Problem requirements ▸
Output, word for word and without pictures, the lines from the one containing "Welcome back to" through the final line of the listing below.

Material provided ▸
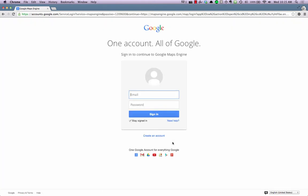If you're not logged in, you'll be prompted to do so. Google Maps Engine is free with all Google accounts. Just enter your email address, password, and press the Sign In button.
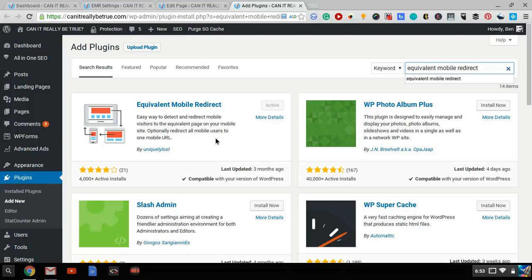There are other plugins, but they haven't been updated in quite a while, and there might be bugs or security issues with them.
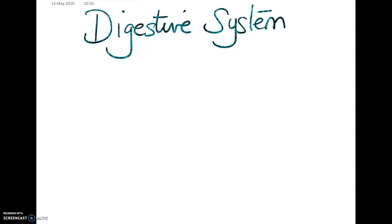Welcome back to Pure Science Education. Today we're looking at the digestive system, which comes up in the Key Stage 3 and the GCSE curriculum in biology. So let's look at how the digestive system works.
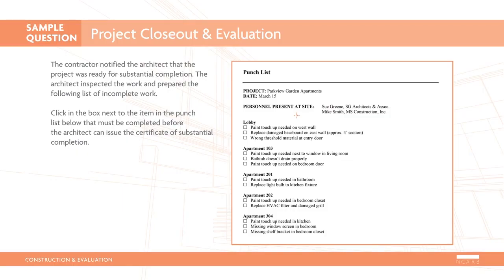The contractor notified the architect that the project was ready for substantial completion. The architect inspected the work and prepared the following list of incomplete work. Click on the box next to the item in the punch list below that must be completed before the architect can issue the certificate of substantial completion.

Answer space ▸
Welcome back to Pure Science Education. Today we're looking at the digestive system, which comes up in the Key Stage 3 and the GCSE curriculum in biology. So let's look at how the digestive system works.
The contractor notified the architect that the project was ready for substantial completion. The architect inspected the work and prepared the following list of incomplete work. Click on the box next to the item in the punch list below that must be completed before the architect can issue the certificate of substantial completion.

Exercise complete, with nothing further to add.